Task item
The answer consists solely of the listing's lines from the first through the line containing "I proprietari dei", each reproduced exactly.

Given records
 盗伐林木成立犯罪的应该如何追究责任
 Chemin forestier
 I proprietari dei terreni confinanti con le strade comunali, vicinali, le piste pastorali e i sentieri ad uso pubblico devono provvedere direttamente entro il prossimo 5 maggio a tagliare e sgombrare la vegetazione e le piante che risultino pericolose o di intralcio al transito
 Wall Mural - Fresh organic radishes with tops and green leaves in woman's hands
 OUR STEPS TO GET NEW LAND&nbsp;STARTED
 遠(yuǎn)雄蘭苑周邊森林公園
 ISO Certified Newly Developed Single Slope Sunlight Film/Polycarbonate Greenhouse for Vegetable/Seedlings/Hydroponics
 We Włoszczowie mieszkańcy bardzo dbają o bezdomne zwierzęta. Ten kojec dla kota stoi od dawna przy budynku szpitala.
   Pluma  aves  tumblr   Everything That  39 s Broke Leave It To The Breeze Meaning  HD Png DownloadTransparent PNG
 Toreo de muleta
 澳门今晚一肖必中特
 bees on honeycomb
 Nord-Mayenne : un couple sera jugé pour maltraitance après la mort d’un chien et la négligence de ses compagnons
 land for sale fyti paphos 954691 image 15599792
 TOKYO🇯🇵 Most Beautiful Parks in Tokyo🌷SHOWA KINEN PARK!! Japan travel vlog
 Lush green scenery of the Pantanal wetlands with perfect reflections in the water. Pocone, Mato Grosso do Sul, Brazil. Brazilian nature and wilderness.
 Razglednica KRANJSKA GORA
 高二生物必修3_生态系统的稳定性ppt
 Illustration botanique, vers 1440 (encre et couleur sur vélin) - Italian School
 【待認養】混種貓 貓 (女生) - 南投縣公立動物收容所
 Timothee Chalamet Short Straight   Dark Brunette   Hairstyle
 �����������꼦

Response to the task
 盗伐林木成立犯罪的应该如何追究责任
 Chemin forestier
 I proprietari dei terreni confinanti con le strade comunali, vicinali, le piste pastorali e i sentieri ad uso pubblico devono provvedere direttamente entro il prossimo 5 maggio a tagliare e sgombrare la vegetazione e le piante che risultino pericolose o di intralcio al transito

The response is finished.